例えば身を守る必要性を国民に教えていない国に剣や傭兵といった職業を持ち込んでも絶対に流行るまい。
その国に住んでいる者は安全というのは空気の様に身近にあるものという考えを持っているがゆえに、わざわざ金を払う意義を見いだせないのだ。
「だから俺はこれら商品を欲しがりそうな教育を受けている者の関心を惹く様な宣伝の仕方をしていた」
大事なのは客の心に響かせる何かがあるかどうか。
少しでも関心を持ち、立ち止まってくれたのならそこから欲しくなるよう誘導しなければならない。
「それを実践すれば確実に売れるのでしょうか?」
「ハハハ、それはない。俺も何度か失敗していただろう」
アルバーナは笑い声を上げて否定する。
同じ商品でも人によって受ける感性は様々であり、全くの同一などありえない。
ゆえにアルバーナでも客を満足させることが出来ず、商品を買わせることが出来ない場面も幾つかあった。
「大切なことは己の信念を持つこと。例え相手に否定されようが貶されようがそれを貫き通し、実践すれば良い」
「けど、間違っていたらどうするのでしょうか?」
「その時は物が売れずに野垂れ死ぬだけ。弱肉強食の世界よろしく簡単だろ?」
カカカと笑うアルバーナだが、アメリアとメイリスは大きく笑うことが出来ない。
アルバーナのような例外はともかく、人間誰しも信念を貫くことよりも生を取ってしまうのである。

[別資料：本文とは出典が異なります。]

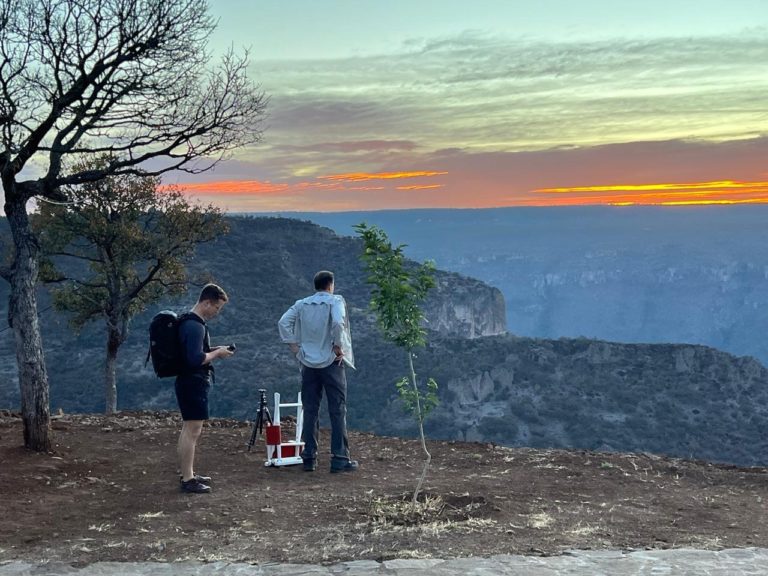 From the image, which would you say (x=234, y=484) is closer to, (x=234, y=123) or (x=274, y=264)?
(x=234, y=123)

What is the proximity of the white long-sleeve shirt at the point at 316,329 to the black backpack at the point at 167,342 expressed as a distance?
1.51m

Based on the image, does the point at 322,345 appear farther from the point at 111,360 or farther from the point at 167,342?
the point at 111,360

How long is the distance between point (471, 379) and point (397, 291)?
2470 inches

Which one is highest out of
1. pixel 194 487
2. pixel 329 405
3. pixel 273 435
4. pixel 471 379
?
pixel 329 405

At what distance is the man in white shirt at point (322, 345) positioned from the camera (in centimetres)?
896

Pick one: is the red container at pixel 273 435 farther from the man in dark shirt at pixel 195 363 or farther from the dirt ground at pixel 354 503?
the man in dark shirt at pixel 195 363

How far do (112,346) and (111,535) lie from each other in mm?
14210

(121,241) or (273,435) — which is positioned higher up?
(121,241)

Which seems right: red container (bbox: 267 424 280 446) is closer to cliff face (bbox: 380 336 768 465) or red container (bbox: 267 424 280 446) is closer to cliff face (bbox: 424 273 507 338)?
cliff face (bbox: 380 336 768 465)

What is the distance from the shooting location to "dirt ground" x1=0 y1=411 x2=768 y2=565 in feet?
20.0

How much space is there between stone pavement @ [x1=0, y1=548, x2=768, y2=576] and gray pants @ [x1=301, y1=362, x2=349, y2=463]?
3578 mm

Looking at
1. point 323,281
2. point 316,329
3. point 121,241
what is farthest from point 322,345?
point 121,241

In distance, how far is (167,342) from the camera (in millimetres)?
7688

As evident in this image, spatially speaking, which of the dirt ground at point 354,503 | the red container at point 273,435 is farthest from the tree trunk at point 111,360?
the red container at point 273,435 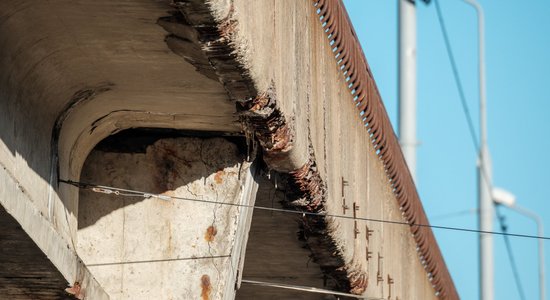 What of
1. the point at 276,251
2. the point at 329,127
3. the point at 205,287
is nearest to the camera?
the point at 205,287

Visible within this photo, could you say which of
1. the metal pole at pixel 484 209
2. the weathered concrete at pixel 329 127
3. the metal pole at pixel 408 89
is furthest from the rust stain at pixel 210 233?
the metal pole at pixel 484 209

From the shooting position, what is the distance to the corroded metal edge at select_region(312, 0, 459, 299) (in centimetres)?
838

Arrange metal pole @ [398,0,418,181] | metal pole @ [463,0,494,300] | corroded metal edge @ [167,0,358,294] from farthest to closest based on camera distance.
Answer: metal pole @ [463,0,494,300], metal pole @ [398,0,418,181], corroded metal edge @ [167,0,358,294]

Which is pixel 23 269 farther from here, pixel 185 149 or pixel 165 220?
pixel 185 149

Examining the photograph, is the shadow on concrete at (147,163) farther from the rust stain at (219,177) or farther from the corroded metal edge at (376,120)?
the corroded metal edge at (376,120)

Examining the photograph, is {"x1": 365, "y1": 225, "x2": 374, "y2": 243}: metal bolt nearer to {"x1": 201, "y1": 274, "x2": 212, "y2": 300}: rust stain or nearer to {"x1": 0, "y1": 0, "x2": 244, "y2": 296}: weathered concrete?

「だから重要なことは信念を持つこと。『これなら絶対いける』『このためなら死んでも良い』という何かを持つことが出来れば人生はもうほとんど成功したようなものだ」
他人を共感させるほどの強い何かを持つことが出来れば、後は実行するだけ。
そしてそれを見つけるために日々を全力で生きなければならない、でアルバーナは締め括った。
「はい! 師匠! ありがとうございます!」
アメリアは感極まった様子でアルバーナに頭を下げる。
「……師匠?」
「だからメイリス! 俺が何をした!?」
アルバーナの呼び方が師匠になっていたことに気が付いたその時にはすでにメイリスは反射的に彼の足を踏んでいた。